Transformer decoder as a method to predict diagnostic trouble codes in heavy commercial vehicles

Detta är en Master-uppsats från KTH/Skolan för elektroteknik och datavetenskap (EECS)

Sammanfattning: Diagnostic trouble codes (DTC) have traditionally been used by mechanics to figure out what is wrong with a vehicle. A vehicle generates a DTC when a specific condition in the vehicle is met. This condition has been defined by an engineer and represents some fault that has happened. Therefore the intuition is that DTC’s contain useful information about the health of the vehicle. Due to the sequential ordering of DTC’s and the high count of unique values, this modality of data has characteristics that resemble those of natural language.
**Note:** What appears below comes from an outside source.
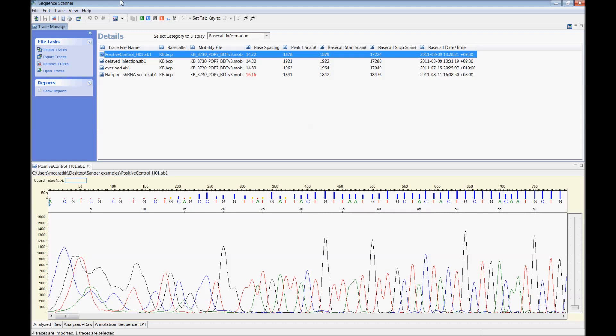For troubleshooting the Sanger reads we'll be using the software Sequence Scanner. Check out our other videos to see a quick run through on how to use the software.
This thesis investigates if an algorithm that has shown to be promising in the field of Natural Language Processing can be applied to sequences of DTC’s. More specifically, the deep learning model called the transformer decoder will be compared to a baseline model called n-gram in terms of how well they estimate a probability distribution of the next DTC condition on previously seen DTC’s. Estimating a probability distribution could then be useful for manufacturers of heavy commercial vehicles such as Scania when creating systems that help them in their mission of ensuring a high uptime of their vehicles. The algorithms were compared by firstly doing a hyperparameter search for both algorithms and then comparing the models using the 5x2 cross-validation paired t-test. Three metrics were evaluated, perplexity, Top- 1 accuracy, and Top-5 accuracy. It was concluded that there was a significant difference in the performance of the two models where the transformer decoder was the better method given the metrics that were used in the evaluation. The transformer decoder had a perplexity of 22.1, Top-1 accuracy of 37.5%, and a Top-5 accuracy of 59.1%. In contrast, the n-gram had a perplexity of 37.6, Top-1 accuracy of 7.5%, and a Top-5 accuracy of 30%.